Please Read Description
NatViS (Natural Vision) is a photorealistic full-parameter fine-tune of SDXL that uses Natural Language prompting to generate high quality SFW/NSFW images. Trained on 1M+ image-caption pairs on a dataset that’s been expanded and refined for over a year.
v3.0 is being rebuilt from the ground up to expand the knowledge domain and improve text-image alignment across various prompting styles.
Curent v3.0 Status: Data Procurement
As of right now I can only work on the update in my spare time so there's no planned release date.
Please message me on Ko-Fi (bellow) to give feedback and suggestions. Email and public discord will be up soon!
Buy me a coffee ❤
https://ko-fi.com/ndimensional
I’ve never been a fan of e-begging, however SDXL fine-tunes at this scale are becoming expensive to tune. So I will begrudgingly ask; if you like what I do and would like to support my models. Consider donating on Ko-Fi 💗
I will be begin posting updates, answering questions, taking feedback, and releasing early access (NOT EXCLUSIVE) models to supporters.
All donations will be used to fund the creation of new Stable Diffusion fine-tunes and open-source AI tools.
Changelog
============
11-24-24 NatViS v2.7 Hyper 4Step and link for 4step Lightning (🤗)
Uploaded 4step Hyper varient of NatViS v2.7. See About this version for more info.
Lightning: 4step Lightning varient of v2.7 can be found HERE for the time being. 8step Lightning will be uploaded within a day of writing.
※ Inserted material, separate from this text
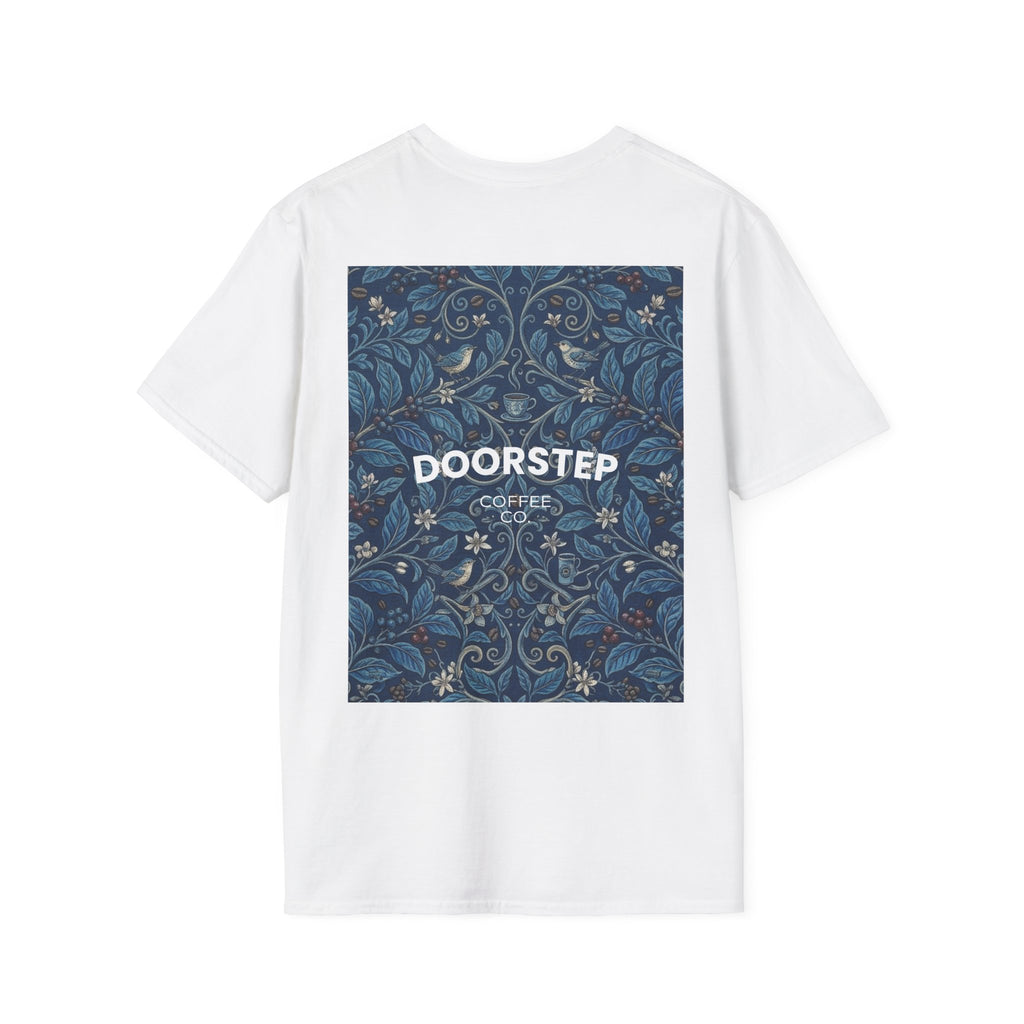 Blue Floral Tile Doorstep T-Shirt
Note: Sample images are limited because of time constraints.
============
11-21-24 NatViS v2.7 Hyper 8step
Released 8step Hyper varient of NatViS v2.7 with consistant CFG. See About this version for more info.
11-18-24 NatViS v2.7
Due to time constraints, pre-release changelog can be viewed HERE for the time being.
Note: I was bored generating the same sample images over-and-over again and decided to spice things up with some new prompts. Prompts from previous versions will work with v2.7. When I have time, I'll upload a separate gallery for images generated with the old prompts.
============
10-26-24 NatViS v2.5 Lightning 4step (Not Recommended!):
Uploaded 4step Lightning version of NatViS 2.5
ONLY USE IF NEEDED
============
10-25-24 NatViS v2.5 Lightning 8step
Released 8step Lightning version of NatViS v2.5. Read About this version
Note: Unlike my previous 8step lightning releases; this version is a simple merge with the SDXL Lightning LoRA. I did this due to requests for low CFG.
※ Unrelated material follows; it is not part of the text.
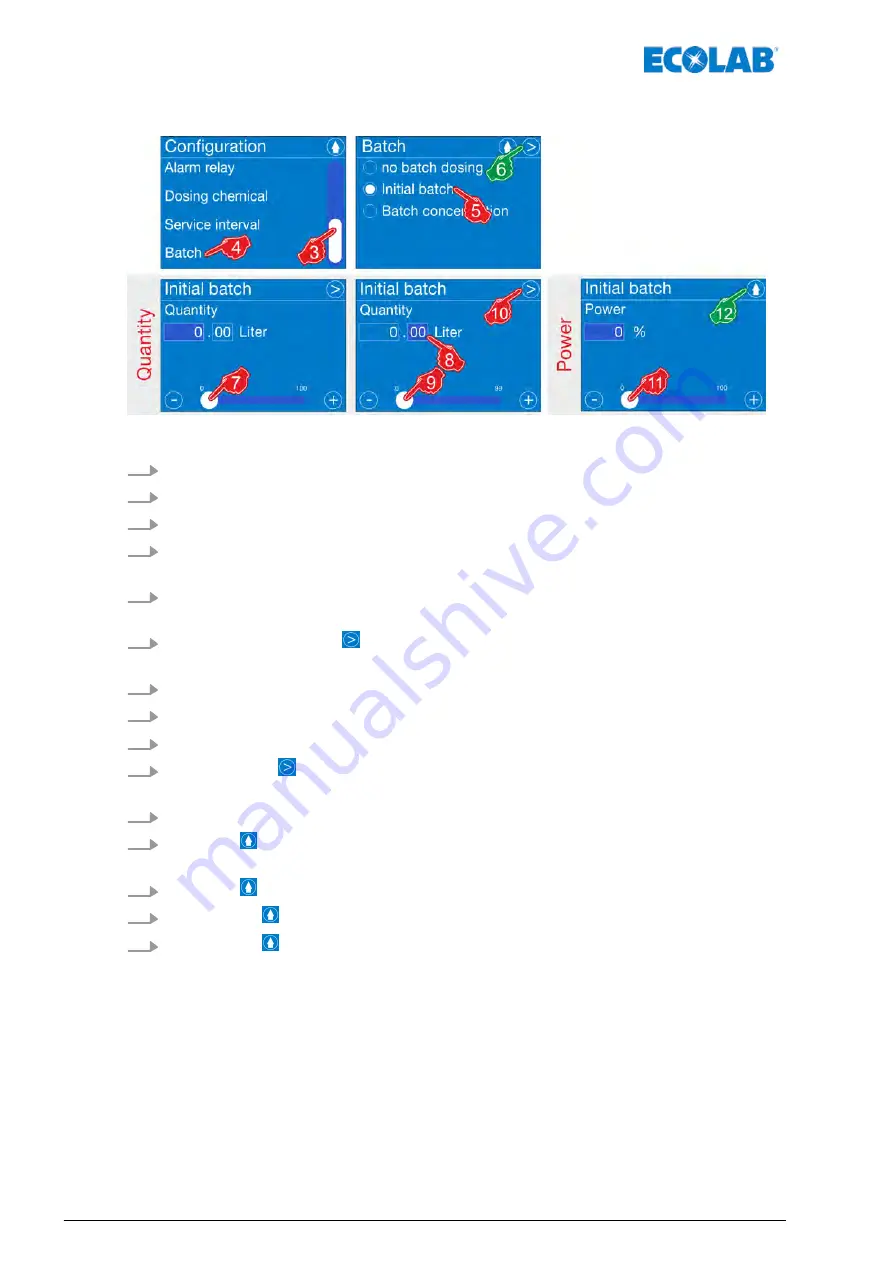 Ecolab EcoAdd Operating Instructions Manual Download Page 106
Sample images may not be the best representation of the model as a result of me not fully understanding the quirks of Lightning.
I will be releasing the FULL CFG 8step lightning version as well, since it appears to preserve more of the fine-grained features from the fine-tune.
============
10_23_24 NatViS v2.5
What's New?
Uploaded NatViS v2.5
Updates to text-encoder(s) to reintroduce tag/booru-style prompting capabilities that were broken in v2.0
Subset of data included from new (improved) dataset, specifically image-caption pairs with short n' punchy captions.
Info on new dataset (for future models/update): Includes more variation of caption styles and all automation is manually verified by a human (i.e., me).
Introduced more analog photography and classic cinematic film image data to further the push for more authentic realism.
What's Next?
General:
Review SD3.5 license to see if it's worth touching.It's not terrible. Will start research into models architecture for fine-tuning/LoRA.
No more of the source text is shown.